## Exercise directions
Quote the material exactly from the line that contains "2023 Platinum Anniversary" through its last line. Any pictures are to be left out.
Data: Begin
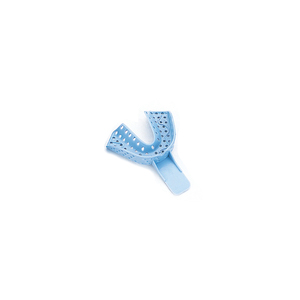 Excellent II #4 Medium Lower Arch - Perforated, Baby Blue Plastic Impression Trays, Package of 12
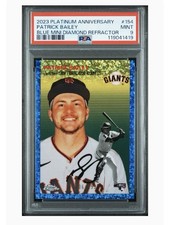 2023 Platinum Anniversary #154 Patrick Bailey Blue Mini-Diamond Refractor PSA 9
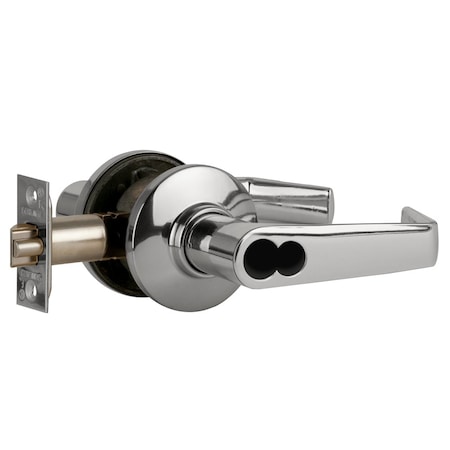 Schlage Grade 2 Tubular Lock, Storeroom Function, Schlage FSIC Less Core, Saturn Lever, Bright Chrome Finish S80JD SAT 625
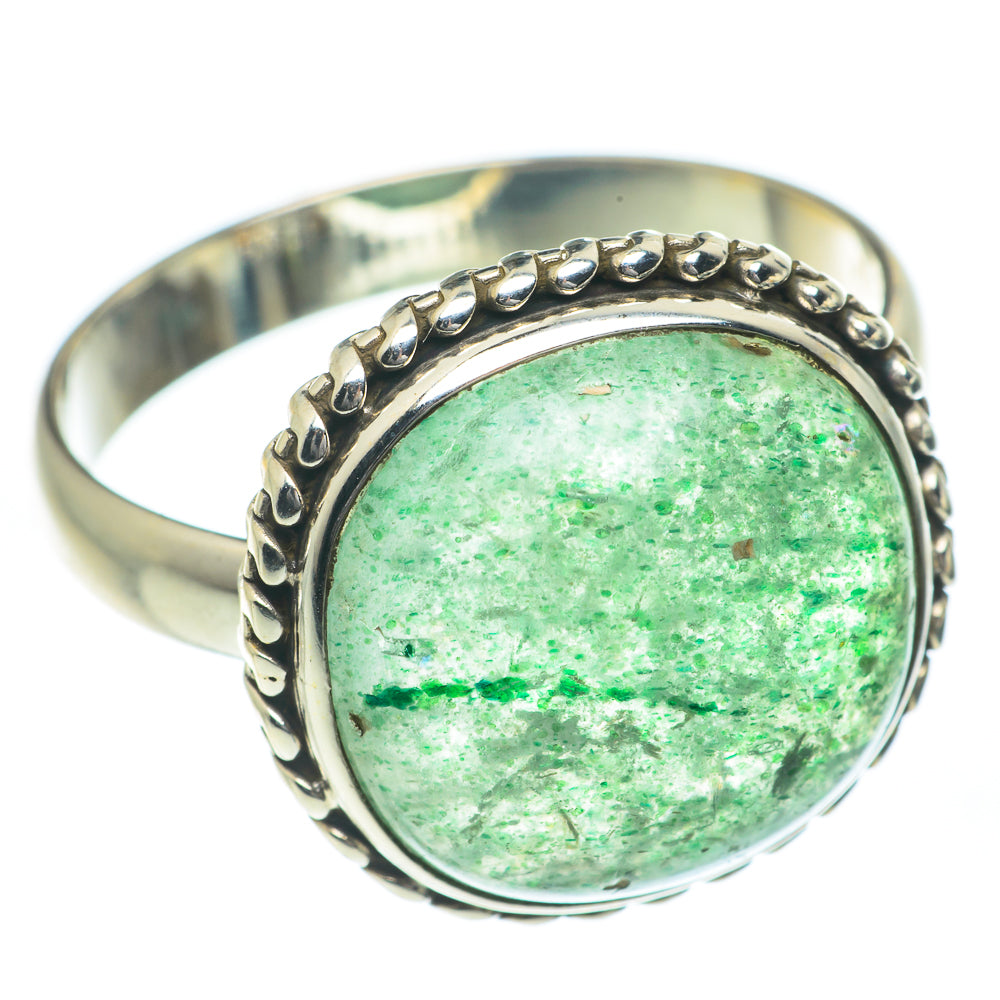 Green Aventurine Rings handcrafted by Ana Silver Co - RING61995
Data: End
## Solution
 2023 Platinum Anniversary #154 Patrick Bailey Blue Mini-Diamond Refractor PSA 9
 Schlage Grade 2 Tubular Lock, Storeroom Function, Schlage FSIC Less Core, Saturn Lever, Bright Chrome Finish S80JD SAT 625
 Green Aventurine Rings handcrafted by Ana Silver Co - RING61995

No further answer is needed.